Each entry should be duplicated verbatim; its pictures should not be.

- INPUT MATERIAL
• • • • •

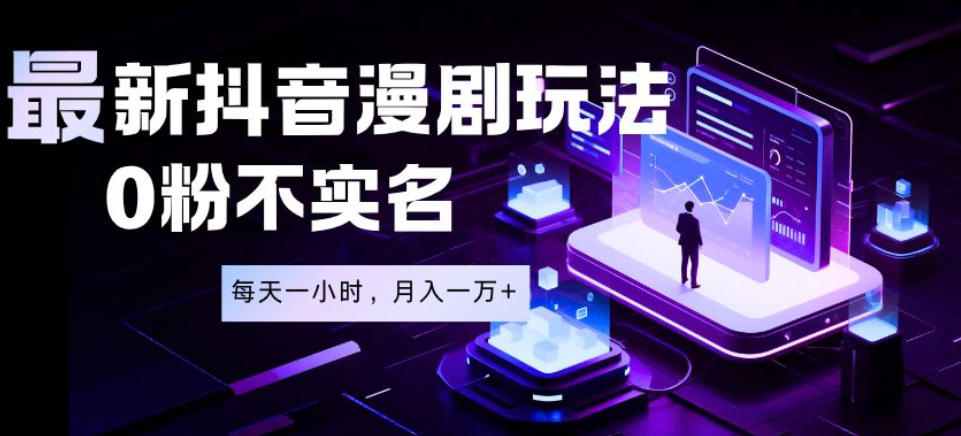 最新蓝海风口项目,抖音漫剧,0粉不实名每天一小时,月入1W+【揭秘】-91副业网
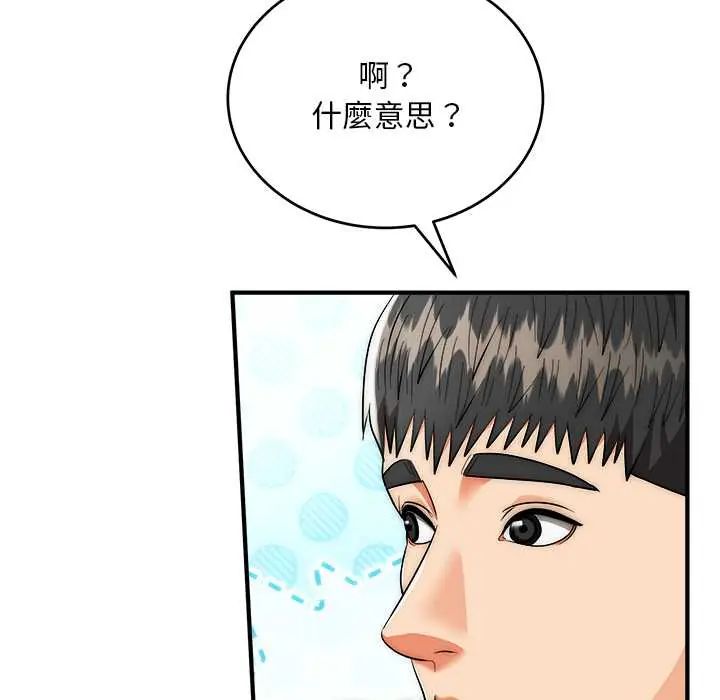 神雕闯都市第42話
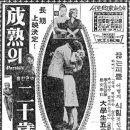 야망농장 이미지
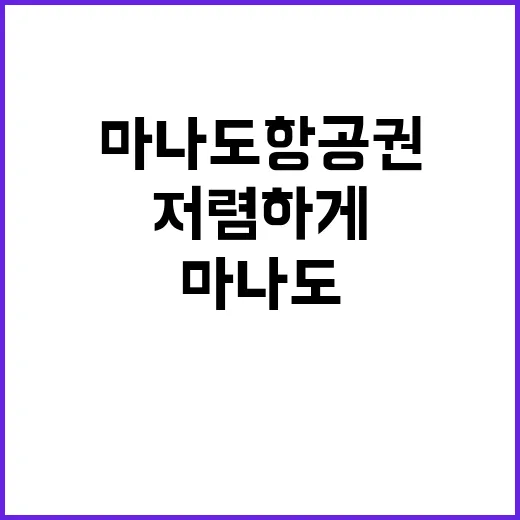 마나도 항공권을 저렴하게 구매하는 방법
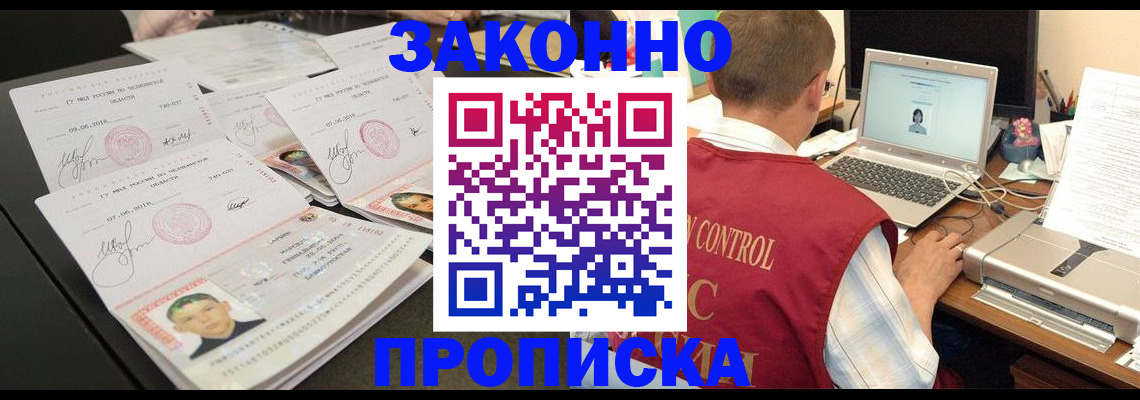 прописка для работы в Воронеже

• • • • •

- EXERCISE RESPONSE
 最新蓝海风口项目,抖音漫剧,0粉不实名每天一小时,月入1W+【揭秘】-91副业网
 神雕闯都市第42話
 야망농장 이미지
 마나도 항공권을 저렴하게 구매하는 방법
 прописка для работы в Воронеже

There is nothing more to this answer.